*Data*

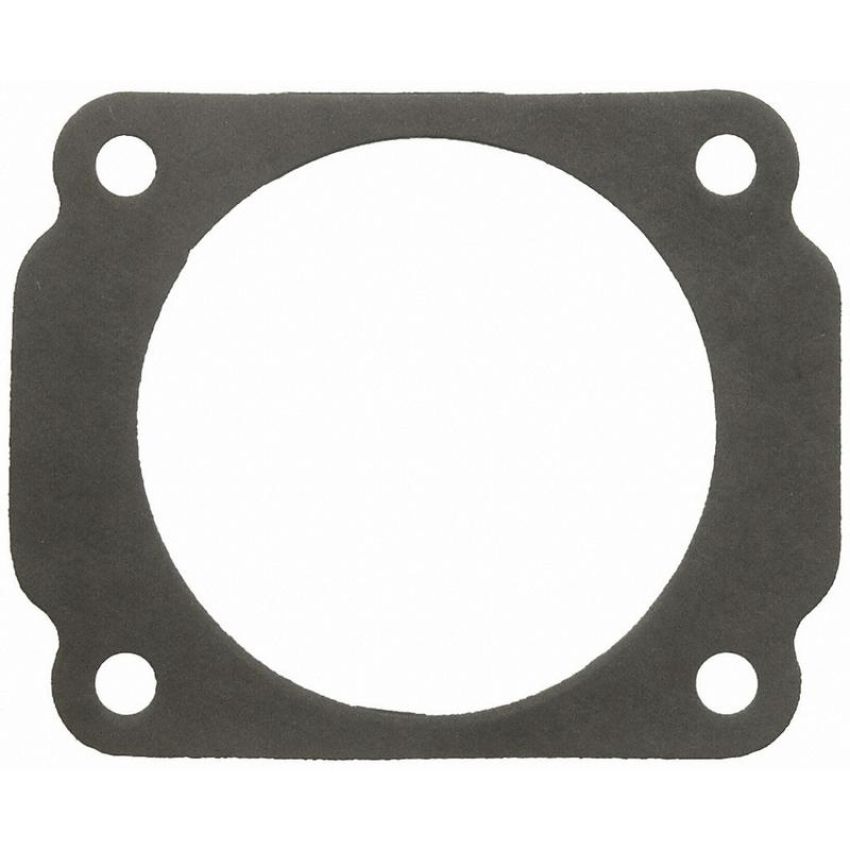 FEL PRO GASKETS 61050 Fuel Injection Throttle Body Mounting Gasket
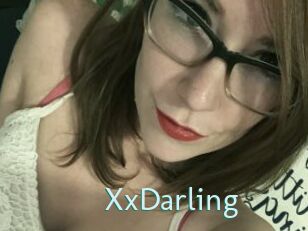 XxDarling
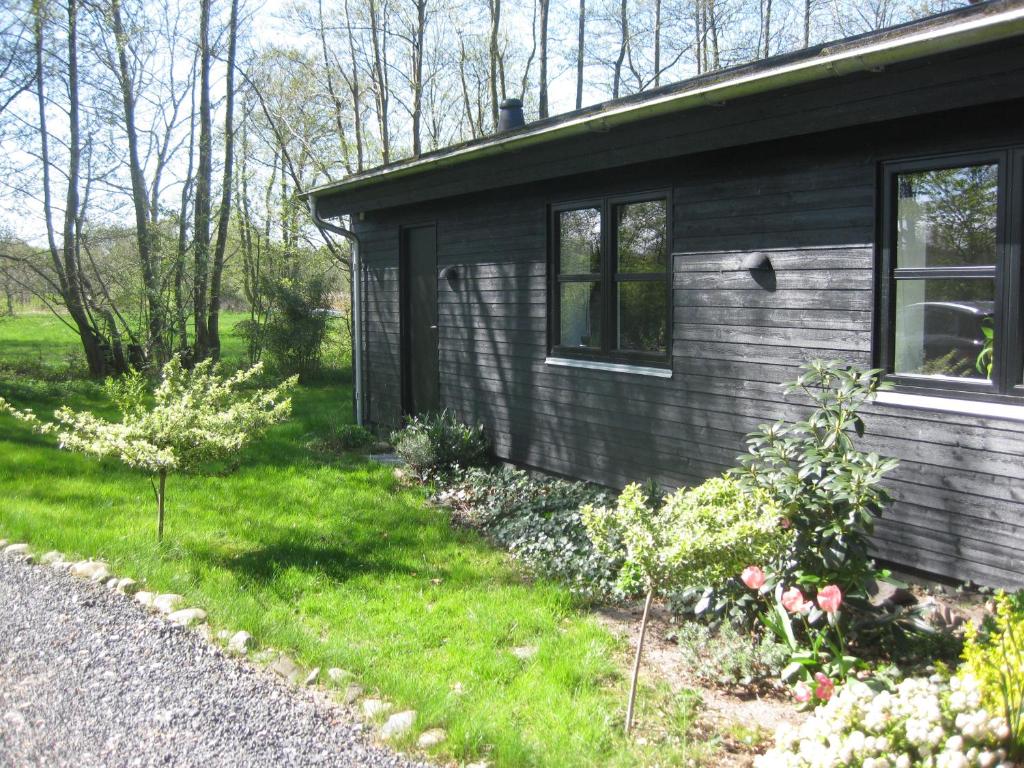 Ved Vandet photo 3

*Work to be completed*
Using the material above, return every line exactly as it appears, minus the pictures.

*Exercise solution*
 FEL PRO GASKETS 61050 Fuel Injection Throttle Body Mounting Gasket
 XxDarling
 Ved Vandet photo 3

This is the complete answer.